Entries taken from a collection:
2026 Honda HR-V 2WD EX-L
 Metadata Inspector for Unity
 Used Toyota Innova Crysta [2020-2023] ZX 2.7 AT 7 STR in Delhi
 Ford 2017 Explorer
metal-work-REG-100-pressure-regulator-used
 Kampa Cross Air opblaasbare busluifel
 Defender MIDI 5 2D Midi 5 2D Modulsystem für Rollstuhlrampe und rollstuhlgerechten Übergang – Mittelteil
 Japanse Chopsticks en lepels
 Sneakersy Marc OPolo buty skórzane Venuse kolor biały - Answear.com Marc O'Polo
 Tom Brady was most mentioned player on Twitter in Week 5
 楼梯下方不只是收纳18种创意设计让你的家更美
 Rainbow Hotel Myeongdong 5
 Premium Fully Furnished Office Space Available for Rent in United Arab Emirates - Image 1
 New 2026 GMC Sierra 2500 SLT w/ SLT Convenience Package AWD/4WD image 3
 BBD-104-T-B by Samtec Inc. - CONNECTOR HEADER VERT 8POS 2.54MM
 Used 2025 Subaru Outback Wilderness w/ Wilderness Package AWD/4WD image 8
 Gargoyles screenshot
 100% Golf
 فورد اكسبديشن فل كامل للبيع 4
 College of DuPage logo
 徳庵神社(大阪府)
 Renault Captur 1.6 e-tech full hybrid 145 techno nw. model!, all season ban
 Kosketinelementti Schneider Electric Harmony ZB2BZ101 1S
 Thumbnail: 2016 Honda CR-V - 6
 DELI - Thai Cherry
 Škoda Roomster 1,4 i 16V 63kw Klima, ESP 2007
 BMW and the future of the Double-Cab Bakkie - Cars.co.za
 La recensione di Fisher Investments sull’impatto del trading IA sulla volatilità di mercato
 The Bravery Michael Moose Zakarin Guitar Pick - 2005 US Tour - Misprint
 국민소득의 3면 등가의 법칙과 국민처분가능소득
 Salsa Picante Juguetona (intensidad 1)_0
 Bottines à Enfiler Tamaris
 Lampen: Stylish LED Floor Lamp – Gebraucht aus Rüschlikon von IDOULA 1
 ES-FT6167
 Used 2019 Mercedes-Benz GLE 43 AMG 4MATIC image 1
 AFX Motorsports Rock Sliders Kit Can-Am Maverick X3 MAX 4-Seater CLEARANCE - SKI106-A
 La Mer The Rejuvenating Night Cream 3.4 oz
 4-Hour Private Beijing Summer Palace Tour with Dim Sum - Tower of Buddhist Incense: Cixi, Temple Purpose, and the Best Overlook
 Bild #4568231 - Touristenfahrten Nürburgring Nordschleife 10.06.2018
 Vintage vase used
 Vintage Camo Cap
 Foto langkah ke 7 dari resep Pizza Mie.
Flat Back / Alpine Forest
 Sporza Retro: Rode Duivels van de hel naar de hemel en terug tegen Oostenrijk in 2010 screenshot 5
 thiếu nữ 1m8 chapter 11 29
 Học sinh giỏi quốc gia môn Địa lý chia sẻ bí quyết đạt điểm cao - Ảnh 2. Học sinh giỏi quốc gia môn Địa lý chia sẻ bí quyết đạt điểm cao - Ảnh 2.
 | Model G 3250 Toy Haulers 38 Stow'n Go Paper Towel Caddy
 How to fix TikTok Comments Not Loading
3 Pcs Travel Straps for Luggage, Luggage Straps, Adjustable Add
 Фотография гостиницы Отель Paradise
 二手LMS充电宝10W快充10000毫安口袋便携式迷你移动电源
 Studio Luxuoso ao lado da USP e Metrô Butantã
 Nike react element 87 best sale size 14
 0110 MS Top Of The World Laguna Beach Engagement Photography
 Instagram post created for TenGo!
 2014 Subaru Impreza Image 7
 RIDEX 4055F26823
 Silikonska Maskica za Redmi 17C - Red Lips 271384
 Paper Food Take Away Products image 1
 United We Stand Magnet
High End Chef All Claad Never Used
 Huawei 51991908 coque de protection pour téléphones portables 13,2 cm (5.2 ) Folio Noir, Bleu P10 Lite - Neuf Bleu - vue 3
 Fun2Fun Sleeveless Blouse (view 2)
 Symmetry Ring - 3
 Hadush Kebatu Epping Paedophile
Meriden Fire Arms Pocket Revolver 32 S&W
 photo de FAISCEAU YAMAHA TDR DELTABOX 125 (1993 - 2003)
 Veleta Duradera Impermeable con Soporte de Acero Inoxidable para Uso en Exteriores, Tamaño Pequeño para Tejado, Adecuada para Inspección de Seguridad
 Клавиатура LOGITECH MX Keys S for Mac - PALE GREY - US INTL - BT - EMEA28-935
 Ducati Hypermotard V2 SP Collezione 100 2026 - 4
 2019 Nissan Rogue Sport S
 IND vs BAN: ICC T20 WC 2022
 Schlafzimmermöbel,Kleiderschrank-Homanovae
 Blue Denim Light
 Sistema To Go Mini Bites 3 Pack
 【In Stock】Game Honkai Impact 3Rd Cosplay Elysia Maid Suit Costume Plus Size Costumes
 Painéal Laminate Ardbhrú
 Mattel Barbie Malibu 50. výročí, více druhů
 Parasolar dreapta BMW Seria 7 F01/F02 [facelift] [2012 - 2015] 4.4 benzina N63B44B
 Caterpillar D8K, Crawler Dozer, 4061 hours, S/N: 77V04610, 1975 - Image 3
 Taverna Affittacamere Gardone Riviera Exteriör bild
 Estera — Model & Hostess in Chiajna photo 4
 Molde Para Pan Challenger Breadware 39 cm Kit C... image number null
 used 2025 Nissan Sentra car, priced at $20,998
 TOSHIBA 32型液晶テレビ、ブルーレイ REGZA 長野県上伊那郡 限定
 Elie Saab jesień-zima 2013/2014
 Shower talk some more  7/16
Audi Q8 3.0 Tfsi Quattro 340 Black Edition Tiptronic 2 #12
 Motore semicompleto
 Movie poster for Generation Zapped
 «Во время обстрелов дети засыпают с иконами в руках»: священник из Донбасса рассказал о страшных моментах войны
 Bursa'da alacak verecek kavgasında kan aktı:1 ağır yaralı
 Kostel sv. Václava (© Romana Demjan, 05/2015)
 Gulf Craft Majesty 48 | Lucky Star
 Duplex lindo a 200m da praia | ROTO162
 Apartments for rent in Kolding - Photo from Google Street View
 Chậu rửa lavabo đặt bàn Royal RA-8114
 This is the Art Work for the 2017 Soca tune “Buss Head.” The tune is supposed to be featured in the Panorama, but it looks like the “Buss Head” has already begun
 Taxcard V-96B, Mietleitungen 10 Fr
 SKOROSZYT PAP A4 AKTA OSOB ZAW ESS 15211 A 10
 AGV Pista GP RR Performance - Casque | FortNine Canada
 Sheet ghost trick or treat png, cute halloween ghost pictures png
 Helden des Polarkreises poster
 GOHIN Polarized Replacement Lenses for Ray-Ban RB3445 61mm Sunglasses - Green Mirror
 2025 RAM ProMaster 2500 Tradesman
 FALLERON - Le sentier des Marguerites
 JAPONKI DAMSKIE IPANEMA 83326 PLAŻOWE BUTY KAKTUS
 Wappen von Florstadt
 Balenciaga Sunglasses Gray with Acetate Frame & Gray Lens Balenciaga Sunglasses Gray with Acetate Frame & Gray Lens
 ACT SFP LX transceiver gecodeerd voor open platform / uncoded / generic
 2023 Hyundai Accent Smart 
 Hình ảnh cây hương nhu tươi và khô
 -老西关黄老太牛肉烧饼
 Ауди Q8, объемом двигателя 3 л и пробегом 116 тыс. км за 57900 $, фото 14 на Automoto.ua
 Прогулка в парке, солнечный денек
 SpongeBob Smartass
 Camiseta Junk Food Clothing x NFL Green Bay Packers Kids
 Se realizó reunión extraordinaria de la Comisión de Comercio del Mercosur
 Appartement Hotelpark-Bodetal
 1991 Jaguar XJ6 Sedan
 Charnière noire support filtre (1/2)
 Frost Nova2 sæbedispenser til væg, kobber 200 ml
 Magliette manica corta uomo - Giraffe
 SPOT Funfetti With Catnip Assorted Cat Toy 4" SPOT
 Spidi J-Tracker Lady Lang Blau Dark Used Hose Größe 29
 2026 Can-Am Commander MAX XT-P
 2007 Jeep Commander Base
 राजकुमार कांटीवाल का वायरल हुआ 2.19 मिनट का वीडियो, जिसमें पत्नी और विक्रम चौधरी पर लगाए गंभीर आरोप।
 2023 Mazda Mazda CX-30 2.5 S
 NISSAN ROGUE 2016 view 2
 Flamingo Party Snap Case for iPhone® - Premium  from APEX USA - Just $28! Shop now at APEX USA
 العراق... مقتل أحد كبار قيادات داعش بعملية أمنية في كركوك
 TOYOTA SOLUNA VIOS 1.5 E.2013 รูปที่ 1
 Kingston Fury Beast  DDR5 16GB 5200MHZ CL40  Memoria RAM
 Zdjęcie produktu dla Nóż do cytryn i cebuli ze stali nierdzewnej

• _What is needed_
Scan the data above for the word "Green" and report every line where it is found.

• _Response to this task_
 GOHIN Polarized Replacement Lenses for Ray-Ban RB3445 61mm Sunglasses - Green Mirror
 Camiseta Junk Food Clothing x NFL Green Bay Packers Kids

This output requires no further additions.